Erradicating a Buffer Overflow

P

Peter Nilsson

Arctic said:
... I am under the impression, perhaps, that scanf and such
functions have at them a group of people who are in at least
partially strong objection to their use? If so, is their some
history or methods or something else about these scanf tools
with which I am not familar that has earned them such apparent
dislike?

The problem lies with teachers and tutors who are too eager to
teach the entire language as quickly as possible, without focussing
on details. You'll often see newbies totally unaware of the basic
problems with code like...

scanf("%s", my_string);
...

The problem with scanf is that it is too easy to misuse, especially
if you're just using 'default' options. Of course, that doesn't mean
it can't be used correctly. It just means that people are prone to
prefering alternative tools.

Unfortunately, writing bullet proof input routines that deal with
both good and bad input robustly (without undefined behaviour), and
which are able to continue with further input (in the absense of EOF),
is not a trivial task in C!
 
R

Richard Bos

Arctic Fidelity said:
In some regards, I feel almost as though having asked this question has
earned me even the slightest bit of disdain from some particular readers
of this group.

Some particular readers, undoubtedly. But you might read the group for a
bit longer before deciding how much to worry about Mr. SM "Could not
quote properly for his life" Ryan's opinion of yourself. As for me, I
feel no disdain for you.

Richard
 
M

Mabden

Arctic Fidelity said:
I suppose I should say that I am unsure of what other tools in the
Standard C Library allow me to extract, in one function call, all the date
information from a string that I need, in such a straightforward
fashion.

So write a function of your own. Duh.
If there is, I'd love to hear it. :) I personally came accross a sample
usage of sscanf in documentation, and found that it was much faster
compared to my original idea of single character stepping through the date
string.

Faster is so 1960's. You can't tell what is "faster" by looking at code.
Are you writing code for a microwave oven? If you code is for a modren
CPU then a good compiler will probably modify your code into something
fast. If you detect a slowdown, or want to, then run a profiler. No one
(except Gods - who may post here from time to time) can predict a
speedup - things you do to speed up your code may prevent the compiler
from speeding up your code. Just write code that solves the problem.
 
D

Dave Thompson

On Mon, 24 Oct 2005 10:09:52 -0400, "Arctic Fidelity"

sscanf(argv[1],
"%.3s, %d %.3s %4d %.8s %s",
<snip: various args ending with junk which is char[10]>

Those should be %3s etc. "Dot" numbers in *scanf are nonstandard. (Cf.
*printf where %Ns pads to minimum and %.Ns truncates to maximum.)
As you can guess, this is designed to take a specifically formatted date
string and read it into variables. However, in the date format I am
processing (mbox/overview file type dates), there is an extra bit after
the time that could be an arbitrary length. Generally, it's not bigger
than 10, which is why I initially used that value, but it did not click in
my head before that this would cause a problem. Then, while I was thinking
about it today, I realized that you could put in more than 10 characters
after the time section of the string, and overflow the program. My
question is, what is the proper way of handling this? How can I remedy it?

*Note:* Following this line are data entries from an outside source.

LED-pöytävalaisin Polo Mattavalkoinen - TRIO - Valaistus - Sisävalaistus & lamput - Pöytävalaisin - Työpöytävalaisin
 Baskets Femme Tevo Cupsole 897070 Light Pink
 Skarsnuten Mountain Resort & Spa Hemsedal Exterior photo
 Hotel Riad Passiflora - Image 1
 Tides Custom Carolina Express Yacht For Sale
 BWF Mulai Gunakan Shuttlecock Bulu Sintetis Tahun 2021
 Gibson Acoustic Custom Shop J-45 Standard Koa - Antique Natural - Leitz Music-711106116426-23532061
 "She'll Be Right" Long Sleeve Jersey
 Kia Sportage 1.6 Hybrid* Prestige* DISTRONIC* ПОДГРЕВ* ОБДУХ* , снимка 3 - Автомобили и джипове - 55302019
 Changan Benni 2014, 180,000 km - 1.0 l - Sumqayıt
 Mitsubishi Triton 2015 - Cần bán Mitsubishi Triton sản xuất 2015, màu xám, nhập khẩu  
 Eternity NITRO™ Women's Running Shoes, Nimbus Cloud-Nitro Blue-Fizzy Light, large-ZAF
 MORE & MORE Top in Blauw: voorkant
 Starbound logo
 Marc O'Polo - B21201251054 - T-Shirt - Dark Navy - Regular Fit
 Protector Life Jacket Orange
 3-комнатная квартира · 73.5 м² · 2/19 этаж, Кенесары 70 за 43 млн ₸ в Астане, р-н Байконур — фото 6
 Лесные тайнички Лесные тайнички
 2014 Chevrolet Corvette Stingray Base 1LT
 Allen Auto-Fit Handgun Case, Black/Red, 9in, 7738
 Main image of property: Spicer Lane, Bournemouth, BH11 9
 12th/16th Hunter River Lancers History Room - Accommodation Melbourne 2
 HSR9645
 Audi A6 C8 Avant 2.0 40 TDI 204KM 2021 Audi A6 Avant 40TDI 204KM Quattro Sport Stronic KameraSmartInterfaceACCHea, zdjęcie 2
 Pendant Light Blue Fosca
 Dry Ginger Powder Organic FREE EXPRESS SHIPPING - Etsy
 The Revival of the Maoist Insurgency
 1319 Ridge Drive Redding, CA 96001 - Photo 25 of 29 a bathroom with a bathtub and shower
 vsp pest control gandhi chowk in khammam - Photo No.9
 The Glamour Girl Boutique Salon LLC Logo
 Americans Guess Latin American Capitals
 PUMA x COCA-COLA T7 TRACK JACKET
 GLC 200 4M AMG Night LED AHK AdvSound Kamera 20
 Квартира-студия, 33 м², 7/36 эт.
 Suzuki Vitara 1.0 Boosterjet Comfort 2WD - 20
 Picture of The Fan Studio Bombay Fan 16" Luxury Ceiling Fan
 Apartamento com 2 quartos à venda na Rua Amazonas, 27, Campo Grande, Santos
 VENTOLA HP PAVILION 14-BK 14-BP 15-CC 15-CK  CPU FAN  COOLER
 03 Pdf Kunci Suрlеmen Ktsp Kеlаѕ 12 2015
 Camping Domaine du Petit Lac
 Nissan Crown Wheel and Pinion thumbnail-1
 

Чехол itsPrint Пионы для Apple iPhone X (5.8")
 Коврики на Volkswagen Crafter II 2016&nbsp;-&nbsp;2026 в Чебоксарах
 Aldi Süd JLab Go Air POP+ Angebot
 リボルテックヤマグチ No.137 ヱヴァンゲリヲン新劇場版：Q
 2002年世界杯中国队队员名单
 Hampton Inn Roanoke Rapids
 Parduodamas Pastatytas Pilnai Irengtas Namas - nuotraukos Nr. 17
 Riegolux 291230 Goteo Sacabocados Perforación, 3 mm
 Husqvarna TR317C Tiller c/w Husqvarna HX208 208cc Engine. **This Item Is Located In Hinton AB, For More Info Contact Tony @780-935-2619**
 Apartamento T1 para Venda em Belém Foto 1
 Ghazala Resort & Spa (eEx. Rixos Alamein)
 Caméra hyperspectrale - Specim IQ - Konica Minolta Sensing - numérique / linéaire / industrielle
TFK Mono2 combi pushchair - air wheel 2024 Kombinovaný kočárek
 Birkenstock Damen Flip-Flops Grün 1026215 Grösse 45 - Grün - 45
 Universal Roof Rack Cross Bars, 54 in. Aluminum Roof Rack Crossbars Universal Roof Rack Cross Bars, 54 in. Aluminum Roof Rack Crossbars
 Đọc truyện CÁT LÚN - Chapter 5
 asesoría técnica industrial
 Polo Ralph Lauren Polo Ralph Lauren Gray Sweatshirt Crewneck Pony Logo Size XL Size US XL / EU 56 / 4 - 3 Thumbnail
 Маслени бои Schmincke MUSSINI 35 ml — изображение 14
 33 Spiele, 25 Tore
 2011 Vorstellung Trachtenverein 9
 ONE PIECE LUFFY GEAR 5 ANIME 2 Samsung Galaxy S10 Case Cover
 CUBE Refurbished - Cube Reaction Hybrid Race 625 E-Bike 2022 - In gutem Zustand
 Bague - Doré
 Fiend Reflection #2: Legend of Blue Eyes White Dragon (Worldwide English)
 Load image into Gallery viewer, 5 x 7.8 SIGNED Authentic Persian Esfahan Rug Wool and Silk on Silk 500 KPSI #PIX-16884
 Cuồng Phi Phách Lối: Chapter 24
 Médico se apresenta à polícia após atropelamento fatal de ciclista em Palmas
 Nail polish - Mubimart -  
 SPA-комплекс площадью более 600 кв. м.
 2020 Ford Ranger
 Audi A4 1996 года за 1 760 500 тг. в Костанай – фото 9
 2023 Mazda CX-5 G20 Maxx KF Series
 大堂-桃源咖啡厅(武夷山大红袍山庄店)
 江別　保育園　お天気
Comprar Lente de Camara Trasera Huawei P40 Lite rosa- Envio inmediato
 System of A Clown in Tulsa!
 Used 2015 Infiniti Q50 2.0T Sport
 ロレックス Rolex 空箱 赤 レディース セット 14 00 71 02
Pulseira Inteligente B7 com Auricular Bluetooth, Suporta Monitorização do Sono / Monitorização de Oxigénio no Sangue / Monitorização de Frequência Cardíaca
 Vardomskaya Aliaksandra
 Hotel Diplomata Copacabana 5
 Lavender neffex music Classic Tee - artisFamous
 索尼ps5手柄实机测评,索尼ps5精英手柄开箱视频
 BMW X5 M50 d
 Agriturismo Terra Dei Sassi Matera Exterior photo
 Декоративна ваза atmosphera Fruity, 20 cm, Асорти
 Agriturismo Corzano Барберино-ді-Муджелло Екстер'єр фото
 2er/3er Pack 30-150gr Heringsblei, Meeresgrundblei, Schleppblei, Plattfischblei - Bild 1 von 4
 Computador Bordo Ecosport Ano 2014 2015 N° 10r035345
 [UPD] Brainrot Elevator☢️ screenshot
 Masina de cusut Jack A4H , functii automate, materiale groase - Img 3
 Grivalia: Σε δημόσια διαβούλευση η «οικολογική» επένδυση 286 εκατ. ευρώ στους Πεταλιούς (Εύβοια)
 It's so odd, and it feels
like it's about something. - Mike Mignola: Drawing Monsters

As already answered, the real answer is %*s or nothing, but one nit:
I could change %s to %.9s or something of that nature, but that would be
ugly, because I would end up with a bunch of whitespace and padding at the
beginning or the end. <snip>

*scanf %s, with or without a length limit, will always skip leading
whitespace and stop at following whitespace, so even if the supplied
string (which you said later isn't really an argv[] string) contains
padding this particular format wouldn't put it in the variable.